Overwegingen bij COM(2024)397 - Standpunt EU in het Gemengd Comité EU-CTC dat is ingesteld bij de overeenkomst inzake de vereenvoudiging van de formaliteiten in het goederenverkeer van 20 mei 1987 en in de Gemengde Commissie EU-CTC die is ingesteld bij de overeenkomst betreffende een gemeenschappelijke regeling inzake douanevervoer van 20 mei 1987, met betrekking tot uitnodigingen aan Georgië om toe te treden tot die overeenkomsten

Dit is een beperkte versie

U kijkt naar een beperkte versie van dit dossier in de EU Monitor.

 
 
(1) De overeenkomst inzake de vereenvoudiging van de formaliteiten in het goederenverkeer van 20 mei 1987 7 en de overeenkomst betreffende een gemeenschappelijke regeling inzake douanevervoer van 20 mei 1987 8 (“de overeenkomsten”) zijn gesloten tussen de Europese Economische Gemeenschap, de Republiek Oostenrijk, de Republiek Finland, de Republiek IJsland, het Koninkrijk Noorwegen, het Koninkrijk Zweden en de Zwitserse Bondsstaat op 20 mei 1987 en in werking getreden op 1 januari 1988.

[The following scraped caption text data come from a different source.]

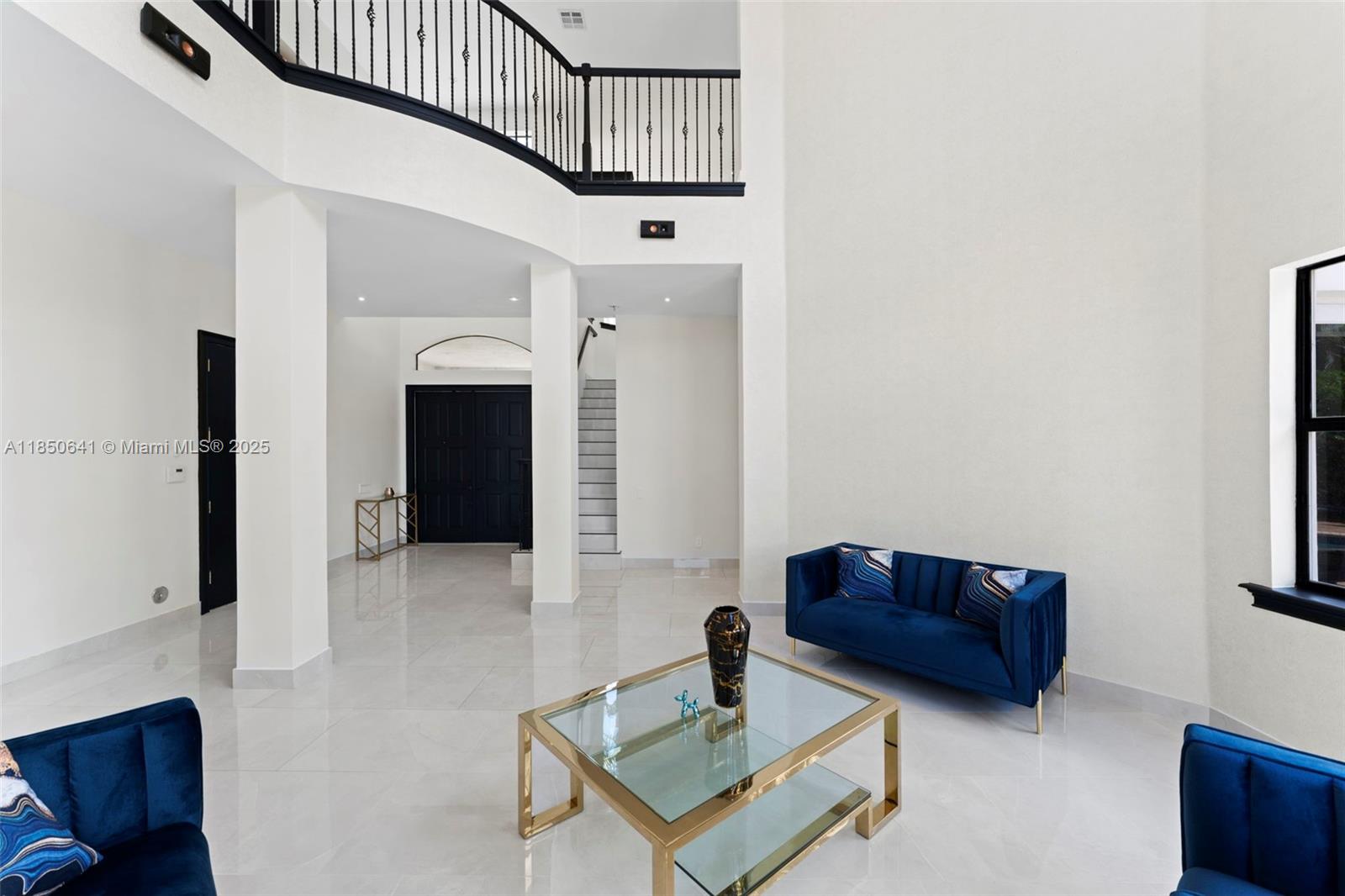 1031 Harbor Ct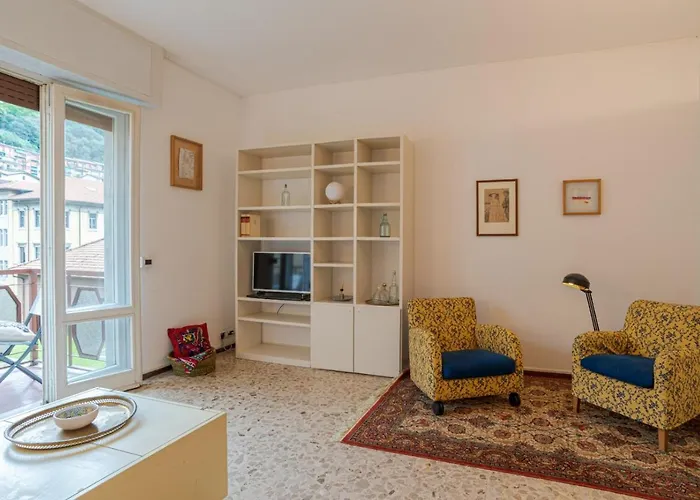 Lovely & Quiet - With Balcony & Parking * קומו
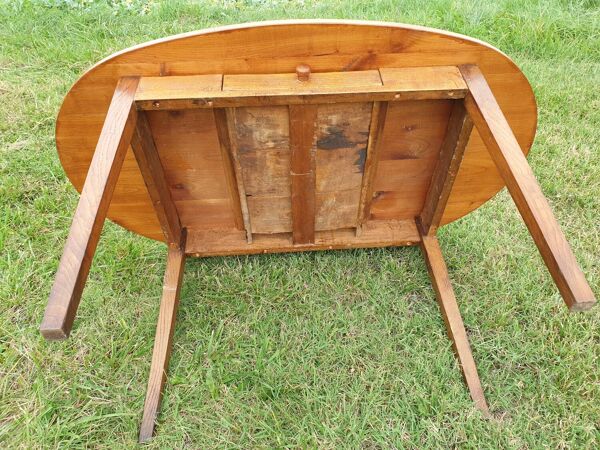 Table de ferme ovale en merisier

(2) Georgië heeft de wens geuit tot de overeenkomsten toe te treden zodra het aan de toetredingsvoorwaarden heeft voldaan.

(3) Krachtens artikel 11, lid 3, van de overeenkomst inzake de vereenvoudiging van de formaliteiten in het goederenverkeer kan het bij die overeenkomst ingestelde Gemengd Comité EU-CTC (landen die deelnemen aan het gemeenschappelijk douanevervoer) bij besluit uitnodigingen aan derde landen vaststellen om tot de overeenkomst toe te treden.

(4) Krachtens artikel 15, lid 3, van de overeenkomst betreffende een gemeenschappelijke regeling inzake douanevervoer kan de bij die overeenkomst ingestelde Gemengde Commissie EU-CTC bij besluit uitnodigingen aan derde landen vaststellen om tot de overeenkomst toe te treden.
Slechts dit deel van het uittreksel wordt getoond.